## To do:
Your copy should hold only the lines from the one containing "Pine-Sol Scrub Brush" through the final line of the entries, exactly as written, with no pictures.

=== Begin Enclosure ===

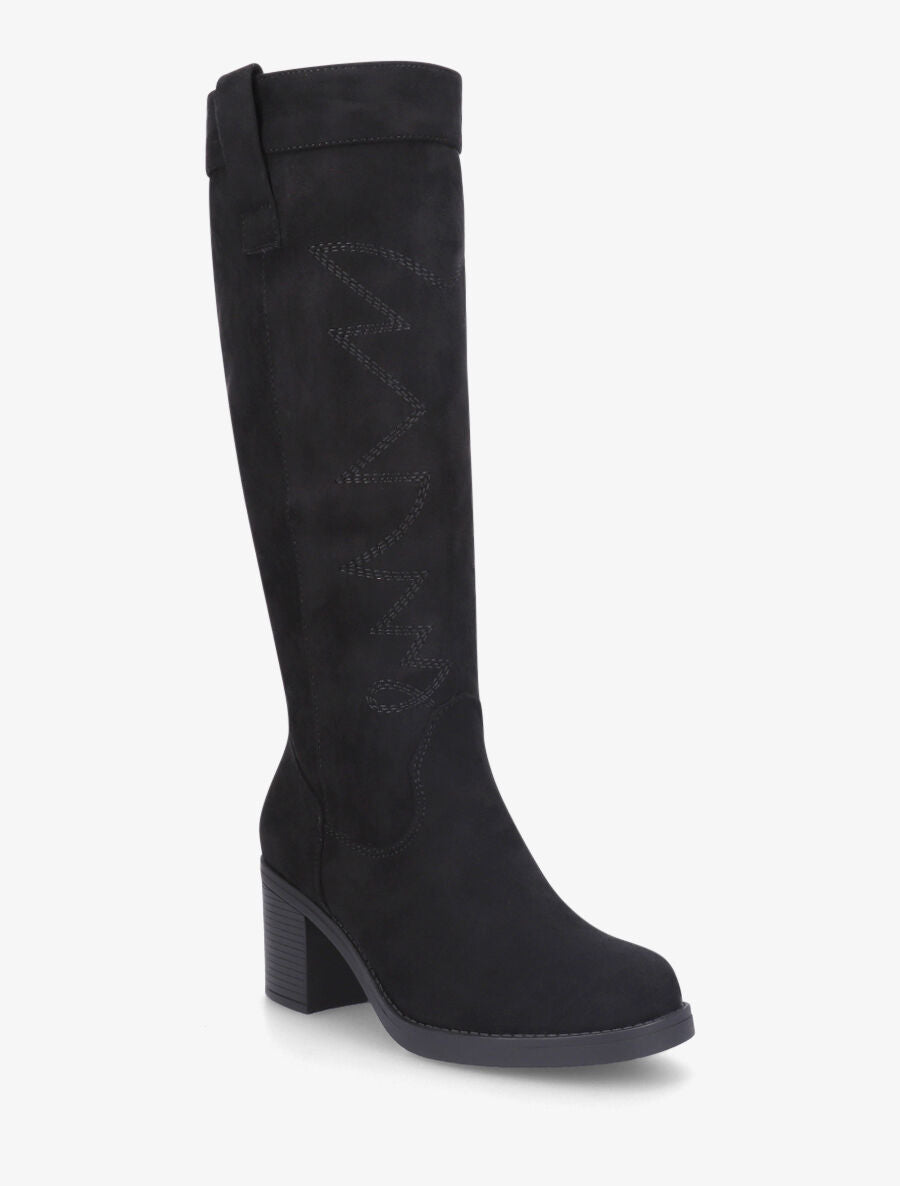 Bottes en suédine brodées - Noir - 2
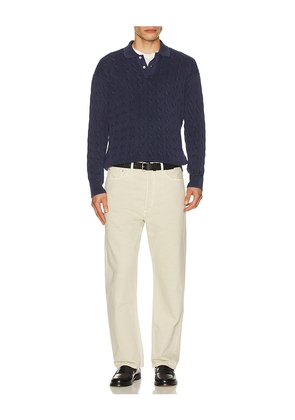 Polo Ralph Lauren Long Sleeve Garment Dyed Cable Knit Polo Sweater in Blue. Size L. Also in S, M, XL/1X, XXL/2X.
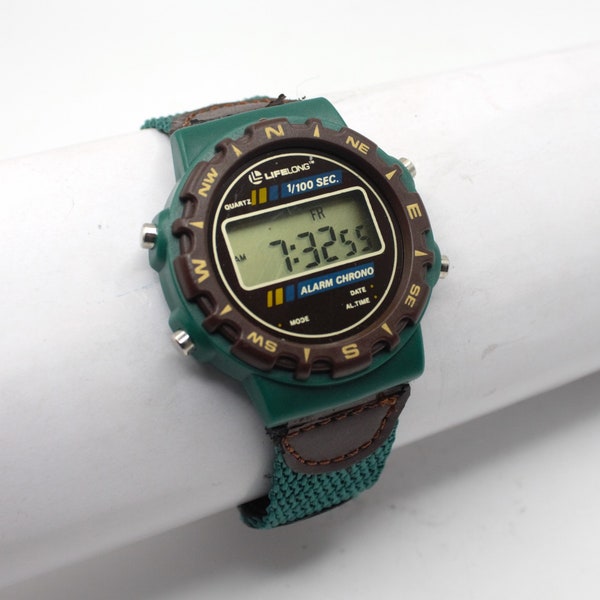 Vintage digital watch sport edition chronograph timer alarm date LCD quartz display Lifelong wristwatch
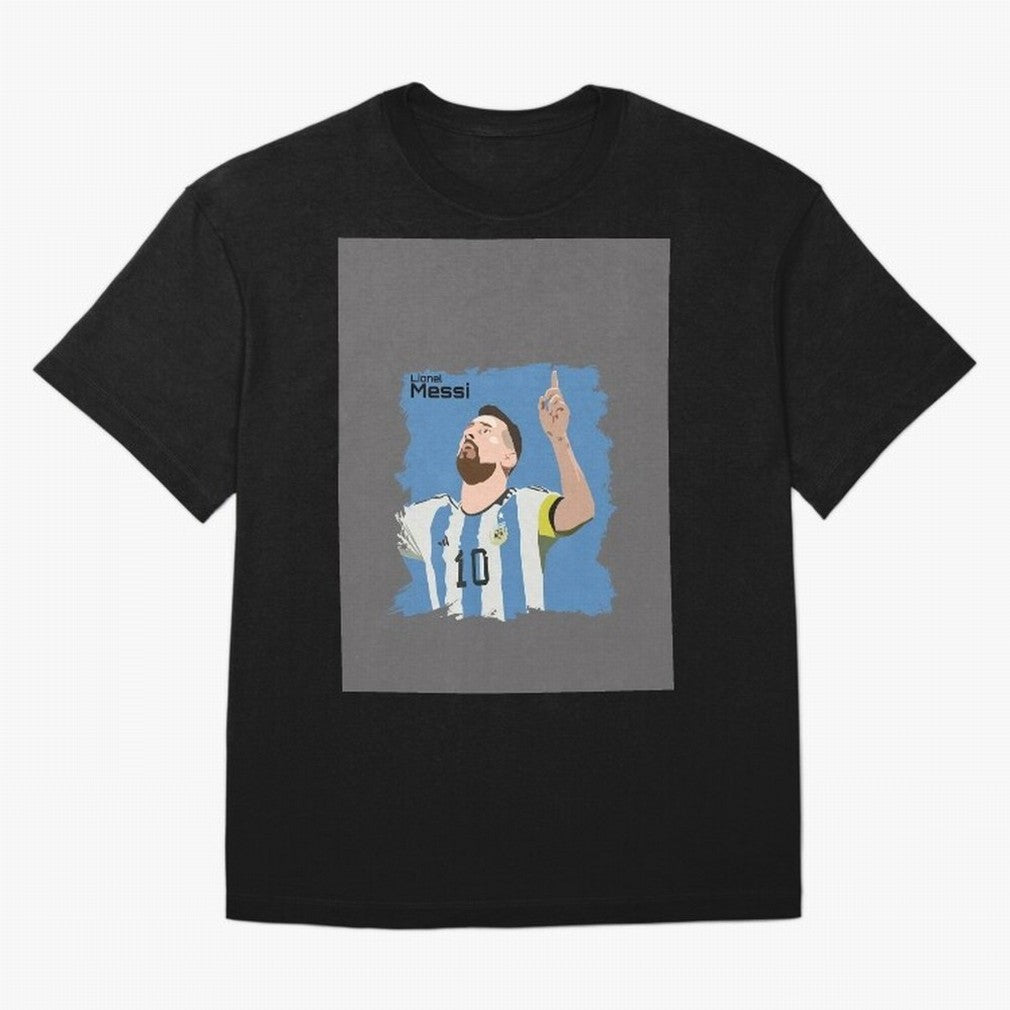 Lionel Messi Triumphant Argentina Portrait Graphic T-Shirt Show Your Tournament Heart for FIFA World Cup 2026 Group Stage with CR7 and Messi, Argentina, France and Brazil Energy, Championship Spirit, Famous Goals, Roaring Crowds and International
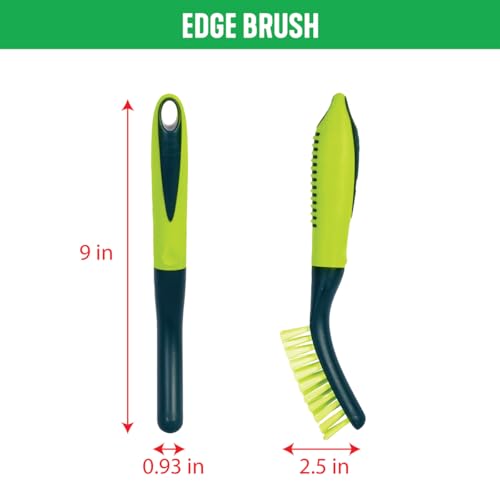 Pine-Sol Scrub Brush Set - Long Handle Cleaning Brushes with Heavy Duty Bristles and Comfort Grip - Scrubbers for Kitchen, Household, and Dishwashing, 5 Pieces
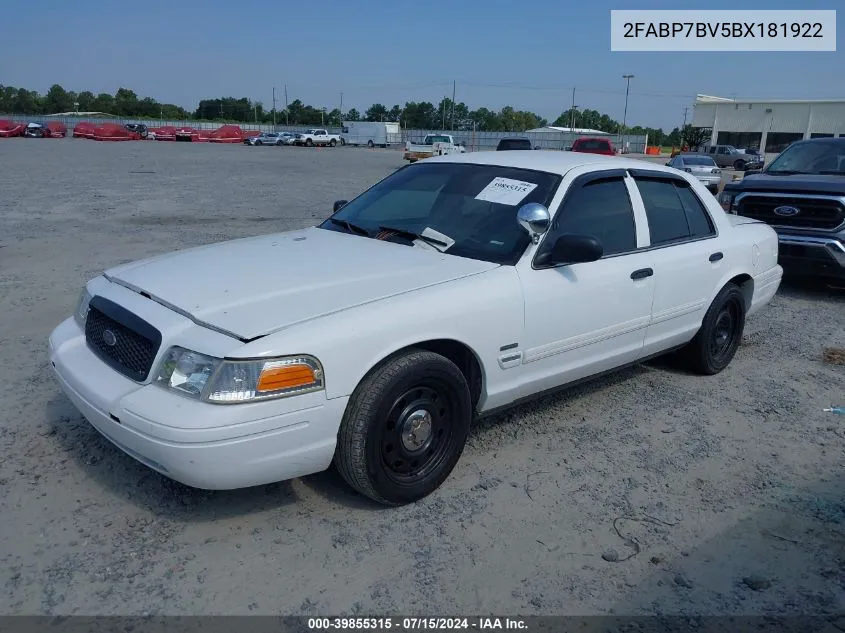 2011 Ford Crown Victoria Police Interceptor VIN: 2FABP7BV5BX181922 Lot: 39855315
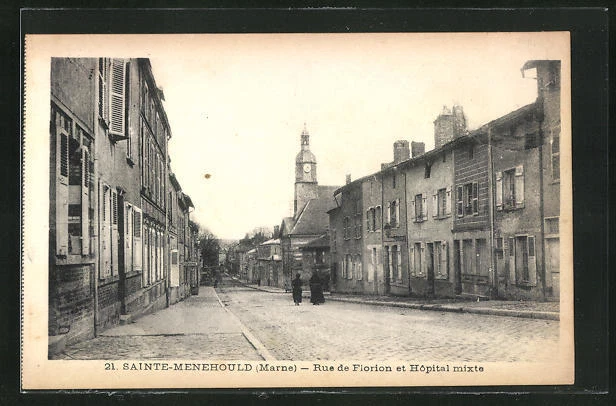CPA Sainte-Menehould, Rue de Florion et Hopital mixte
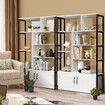 LUXSUITE 5 Tier Display Shelf Bookshelf Bookcase Storage Cabinet Shelving Unit Rack with 2 Lockable Doors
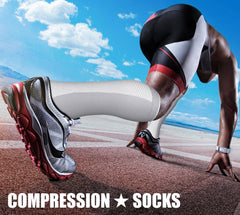 CHARMKING calcetines en uso por corredora, proporcionando soporte y confort durante entrenamiento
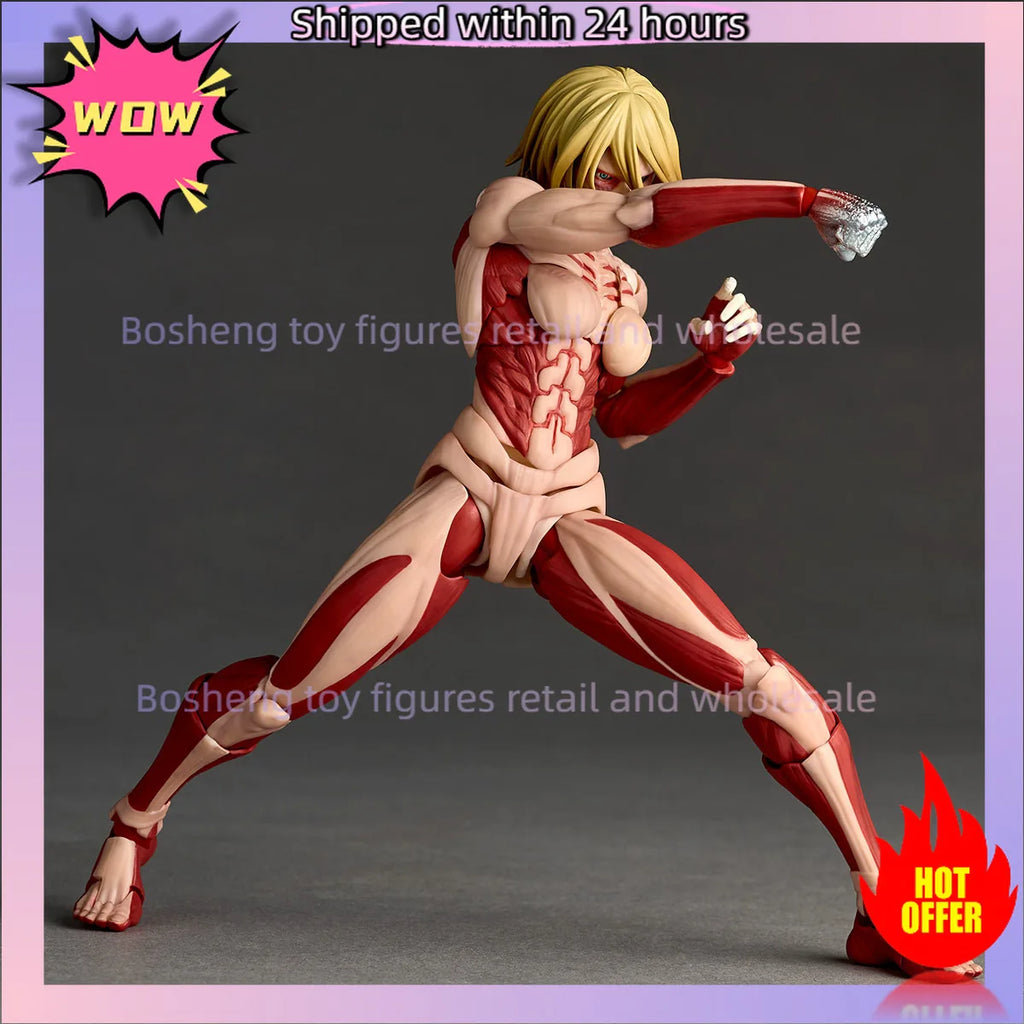Original Kaiyodo Attack on Titan Amazing Yamaguchi Revoltech NR068 Female Titan Annie Leonhart In Stock Figures Model Toys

=== End Enclosure ===

## Output for this task:
 Pine-Sol Scrub Brush Set - Long Handle Cleaning Brushes with Heavy Duty Bristles and Comfort Grip - Scrubbers for Kitchen, Household, and Dishwashing, 5 Pieces
 2011 Ford Crown Victoria Police Interceptor VIN: 2FABP7BV5BX181922 Lot: 39855315
CPA Sainte-Menehould, Rue de Florion et Hopital mixte
 LUXSUITE 5 Tier Display Shelf Bookshelf Bookcase Storage Cabinet Shelving Unit Rack with 2 Lockable Doors
 CHARMKING calcetines en uso por corredora, proporcionando soporte y confort durante entrenamiento
Original Kaiyodo Attack on Titan Amazing Yamaguchi Revoltech NR068 Female Titan Annie Leonhart In Stock Figures Model Toys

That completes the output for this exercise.